:: DATASET EXTRACT ::
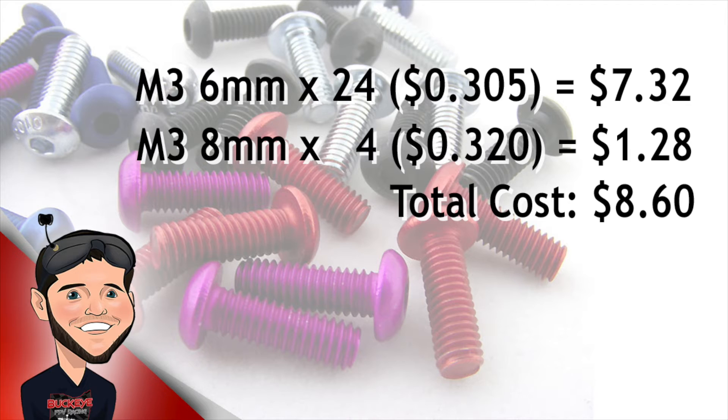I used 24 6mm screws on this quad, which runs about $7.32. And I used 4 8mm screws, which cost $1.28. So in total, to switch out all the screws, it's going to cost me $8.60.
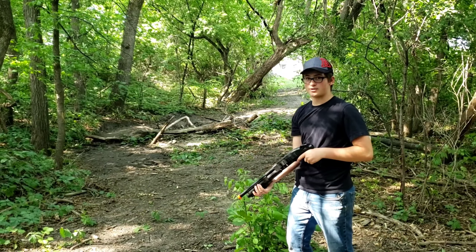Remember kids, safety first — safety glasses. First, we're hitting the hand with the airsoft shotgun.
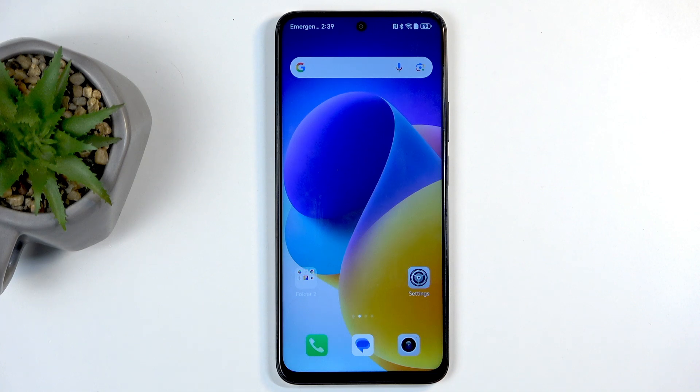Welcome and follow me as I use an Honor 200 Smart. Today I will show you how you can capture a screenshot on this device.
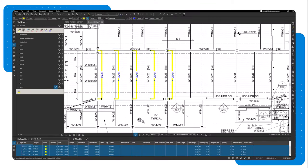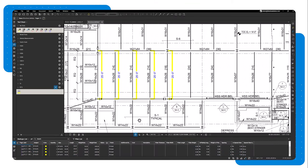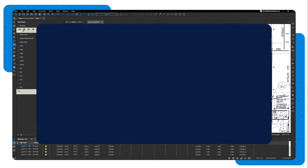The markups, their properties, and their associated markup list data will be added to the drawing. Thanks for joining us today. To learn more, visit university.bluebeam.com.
:::
:: DATASET EXTRACT ::
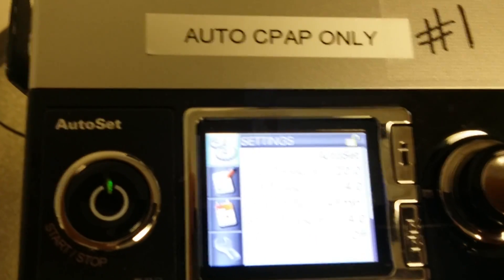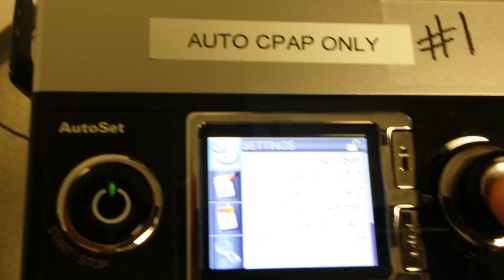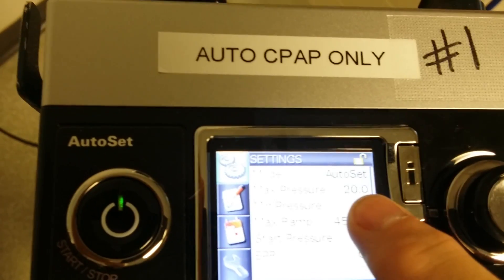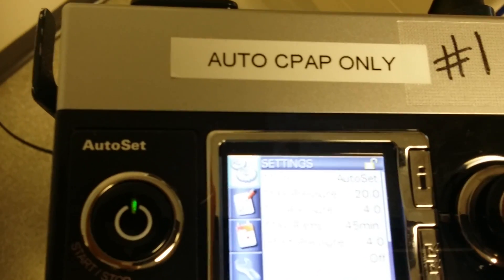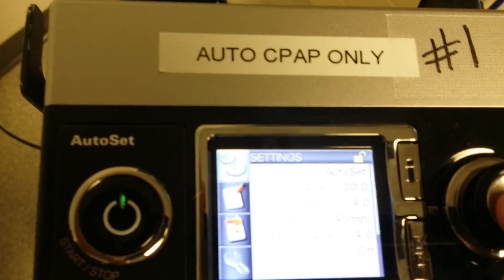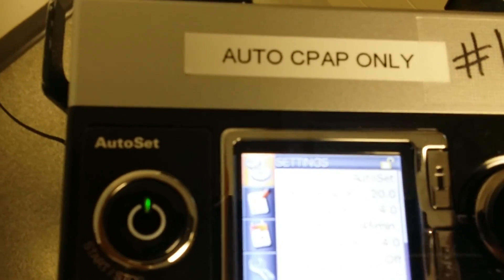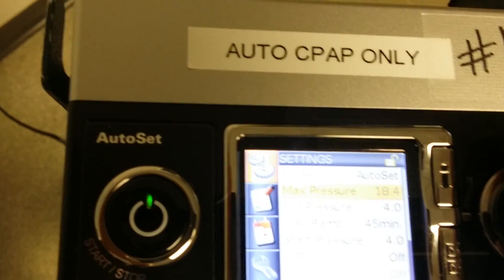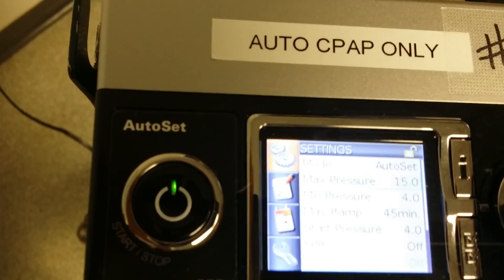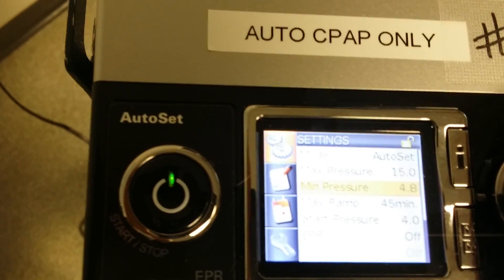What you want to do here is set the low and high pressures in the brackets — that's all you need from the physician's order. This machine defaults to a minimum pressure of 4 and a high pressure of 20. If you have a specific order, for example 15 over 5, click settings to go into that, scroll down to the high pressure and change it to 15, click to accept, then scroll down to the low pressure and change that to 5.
:::
> _WHAT THE TASK REQUIRES_:
Take the material above from the line containing "Remember kids, safety" up to and including the line containing "The markups, their" and retype it exactly, without any pictures.

> _ANSWER TO THE EXERCISE_:
Remember kids, safety first — safety glasses. First, we're hitting the hand with the airsoft shotgun.
Welcome and follow me as I use an Honor 200 Smart. Today I will show you how you can capture a screenshot on this device.
The markups, their properties, and their associated markup list data will be added to the drawing. Thanks for joining us today. To learn more, visit university.bluebeam.com.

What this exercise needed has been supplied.